Sabemos que, por trás da beleza do festejo, há também camadas profundas de resistência. Durante séculos, enquanto se curvavam diante dos santos, os africanos e seus descendentes também erguiam silenciosamente seus próprios símbolos, escondidos sob mantos sagrados e passos ritmados.
A Origem Da Congada em Catalão: Fé, Promessa e Resistência
A origem da Congada em Catalão é contada por diversas vozes, cada uma com nuances próprias. No entanto, todas convergem em um ponto essencial: a forte influência da tradição mineira, especialmente vinda da região de Araxá.

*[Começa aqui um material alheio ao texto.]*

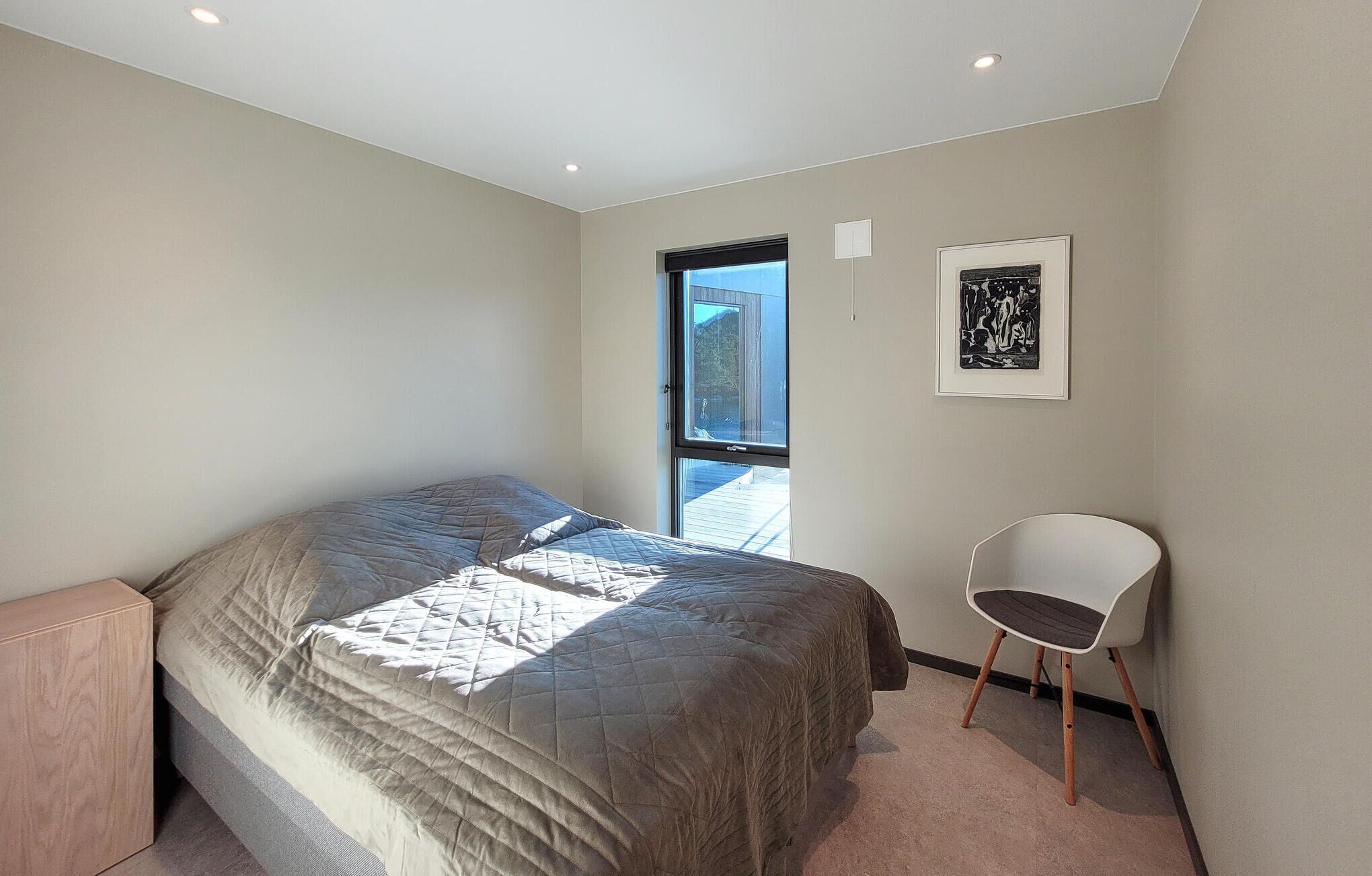 A bedroom with a bed, a chair, a window, and a framed artwork on the wall.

Entre os relatos mais respeitados, está o que envolve Pedro Netto Carneiro Leão, um homem que deixou Minas Gerais rumo ao interior goiano em tempos difíceis, guiado pela esperança de prosperar como fazendeiro. No caminho, levava consigo uma promessa feita à Nossa Senhora do Rosário, santa de sua devoção. Se alcançasse sucesso, retribuiria promovendo uma grande celebração em sua homenagem. A promessa parecia ter sido ouvida. Pedro prosperou, tornou-se dono de terras, de gado e, como era comum à época, também de muitos escravizados. Mas não cumprindo sua palavra, adoeceu gravemente. Temendo não sobreviver, confiou ao filho, Augusto Netto Carneiro, a missão de honrar o compromisso com a santa.

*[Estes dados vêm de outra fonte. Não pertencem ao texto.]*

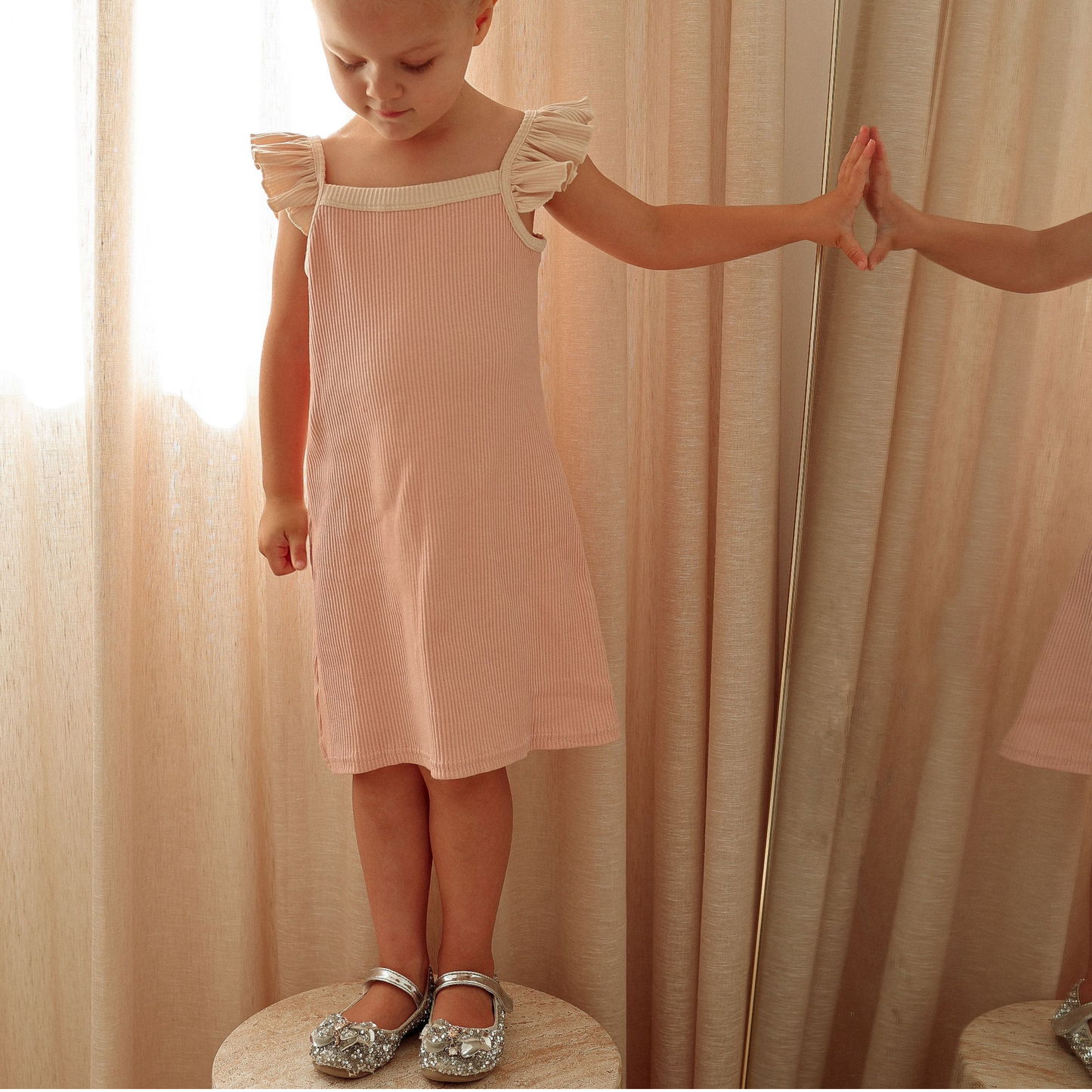 Young girl in a pink dress standing next to a mirror with a blurred reflection.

Augusto levou o pedido a sério. Organizou um grupo de negros e os enviou de volta a Araxá, para que aprendessem as danças e rituais da Congada. Quando retornaram, foram reunidos aos trabalhadores das fazendas locais e, juntos, se prepararam para a maior celebração já vista em Catalão.
Mas havia um obstáculo no caminho. O então vigário da cidade, padre Joaquim Manoel de Souza, reprovava a festa, que via como expressão de religiosidade popular misturada a elementos africanos – o que ele considerava heresia. Para impedir o evento, trancou a igreja e sumiu com a chave.

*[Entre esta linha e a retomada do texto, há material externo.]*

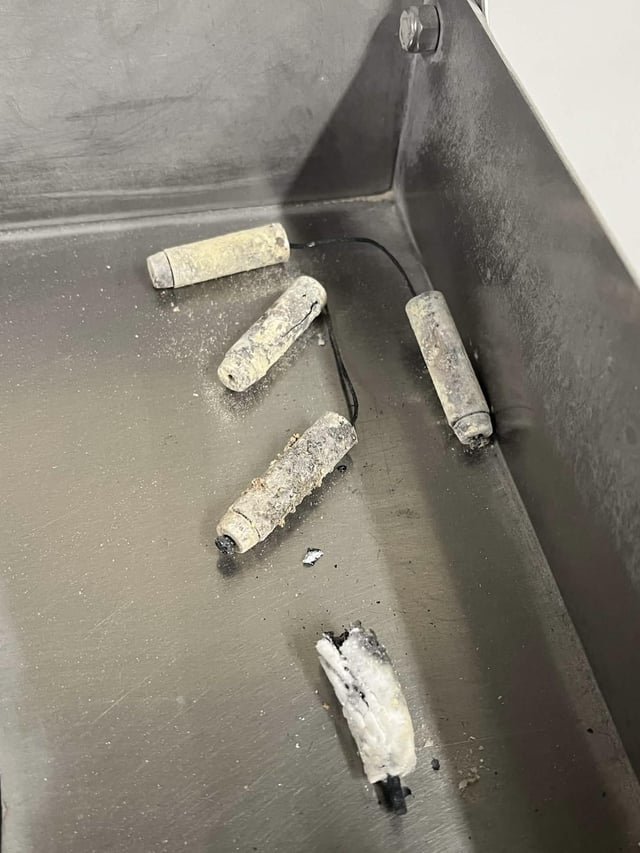 ​Found in male 60s-80s cremains, cylindrical parts about 4″, total roughly 7″, approx 17-18mm in diameter, metallic, one disintegrated and fused with the ashes, weren’t seen externally.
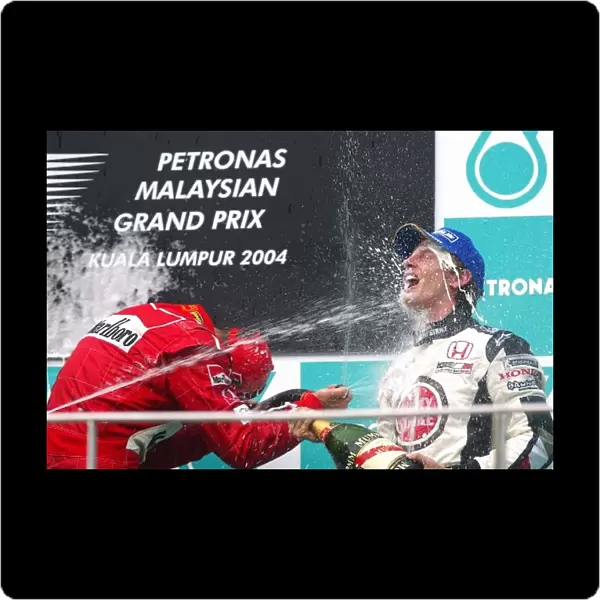Formula One World Championship: third placed Jenson Button BAR with race winner Michael Schumacher Ferrari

Determinados a não desistir, os organizadores buscaram uma solução. Chamaram o rezador popular Antônio Romualdo Fernandes, mais conhecido como “Antônio Guloso”, que passou a conduzir novenas e ladainhas. Diante do impasse, tomaram uma atitude ousada: arrombaram a igreja e deram início à celebração, que se tornaria uma das mais importantes manifestações culturais e religiosas do Centro-Oeste brasileiro.
Assim nasceu, entre promessas, fé e resistência, a Congada de Catalão — uma festa que mistura devoção, cultura afro-brasileira, memória e orgulho.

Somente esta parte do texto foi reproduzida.